Bakılan davada, her ne kadar davacının 657 sayılı Kanunun Geçici 41. maddesi gereğince davalı idarede 03/10/2013 tarihinde kadrolu devlet memuru olarak atandığı ve bu Kanun gereğince kadrolu devlet memuru olarak atandığı tarihten itibaren beş (5) yıl süreyle başka kamu kurum ve kuruluşlarına naklinin yapılamayacağı belirtilmiş ise de, Mehmet Akif Ersoy Üniversitesi Turizm İşletmeciliği ve Otelcilik Yüksekokulu Konaklama İşletmeciliği bölümünü kazanan davacının, Anayasal bir hak olan “eğitim ve öğretim hakkı ”nın engellenemeyeceği açıktır.

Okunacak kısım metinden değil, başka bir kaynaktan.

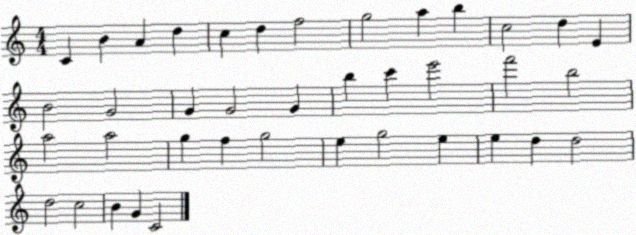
X:1
T:Untitled
M:4/4
L:1/4
K:C
C B A d c d f2 g2 a b c2 d E B2 G2 G G2 G b c' e'2 f'2 b2 a2 a2 g f g2 e g2 e e d d2 d2 c2 B G C2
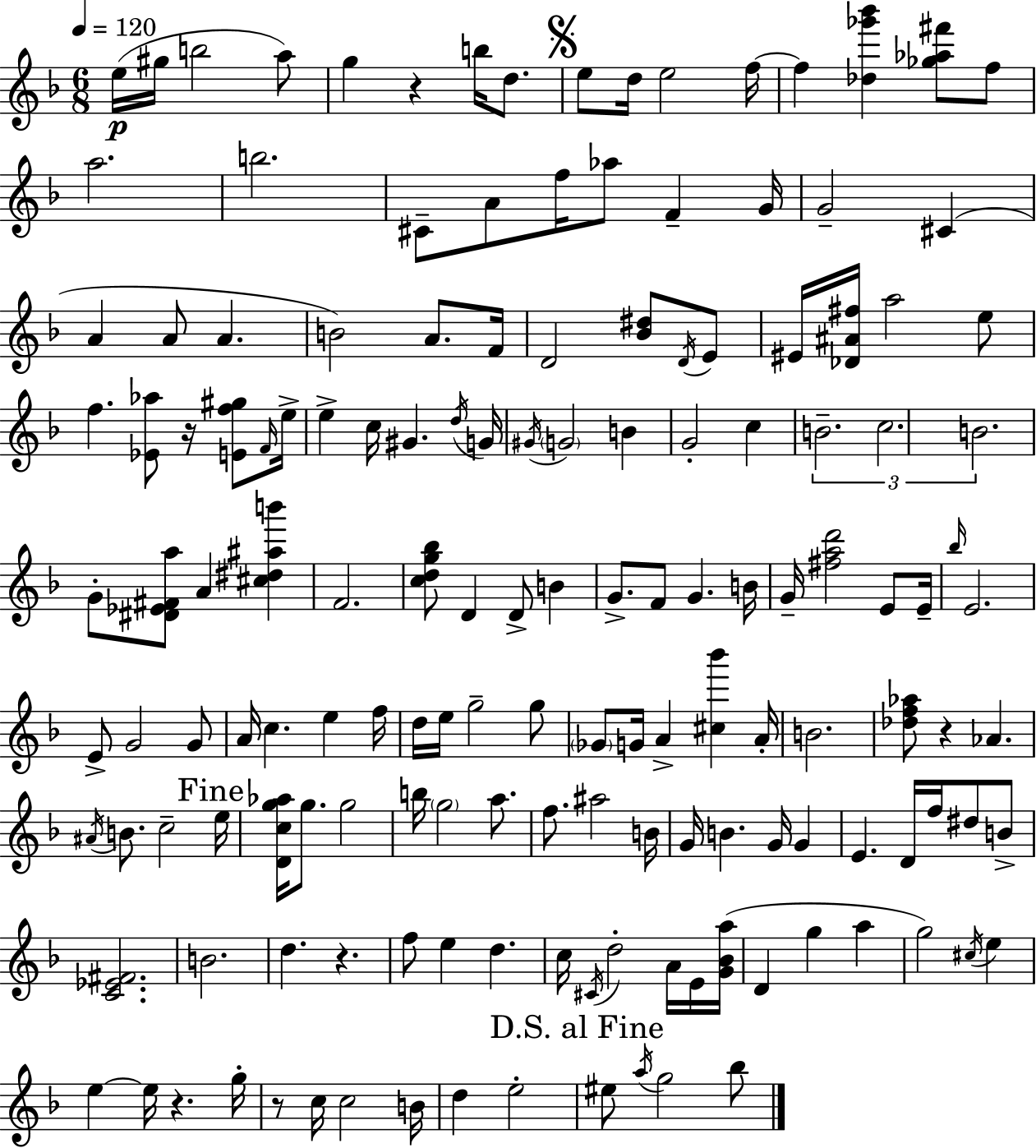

Davalı idarece 657 sayılı Kanunun Geçici 41. maddesi uyarınca 5 yıl boyunca naklinin yapılamayacağı gerekçesiyle muvafakat verilmemiş ise de, kamu hizmetinin bütünlüğü ve devamlılığı ilkesi gereğince, kamu görevlilerinin özel koşullarına göre verimliliklerinin en yüksek düzeyde olduğu ve hizmetinden en yüksek oranda yararlanılacak bir biçimde çalıştırılmaları kamu yararına daha uygun olduğu gibi, davacının istediği alanda eğitim görmesinin de maddi ve manevi varlığının gelişmesine olumlu katkı sağlayacağından ve kamu hizmetinden beklenen fayda artacağından, eğitim durumu göz önünde bulundurulmayarak davacının muvafakat talebinin reddi yönünde kurulan işlemde hukuka uyarlık, davanın reddi yolundaki Mahkeme kararında ise hukuki isabet görülmemiştir.

Öte yandan; davalı Hacettepe Üniversitesi Rektörlüğü tarafından lehine vekalet ücretine hükmedilmemesi yönünden Mahkeme kararının bozulması istenilmekte olup; Mahkeme kararının esastan bozulması üzerine İdare Mahkemesince yeniden karar verileceğinden, vekalet ücreti yönünden temyiz istemi hakkında bu aşamada karar verilmesine gerek bulunmamaktadır.

SONUÇ :

Açıklanan nedenlerle, davacının temyiz isteminin kabulüyle Ankara 11. İdare Mahkemesince verilen 30/01/2015 günlü, E:2014/215, K:2015/87 sayılı kararın, 2577 sayılı İdari Yargılama Usulü Kanunu’nun temyize konu kararın verildiği tarih itibarıyla yürürlükte olan haliyle 49. maddesinin 1/b fıkrası uyarınca BOZULMASINA, aynı maddenin 3622 sayılı Kanun’la değişik 3. fıkrası gereğince ve yukarıda belirtilen hususlar da gözetilerek yeniden bir karar verilmek üzere dosyanın adı geçen Mahkemeye gönderilmesine, tebliğ tarihini izleyen (15) onbeş gün içinde Danıştay’da karar düzeltme yolu açık olmak üzere, 30/11/2017 tarihinde oyçokluğuyla karar verildi.

KARŞI OY :

657 sayılı Kanunun Geçici 41. maddesinde; aynı Kanunun 4/B maddesi kapsamında sözleşmeli personel pozisyonunda çalışmakta iken, Geçici 41. madde hükümlerine göre memur kadrolarına atananların beş yıl süreyle başka kurum ve kuruluşlarına naklinin yapılamayacağı kuralına yer verilmiştir.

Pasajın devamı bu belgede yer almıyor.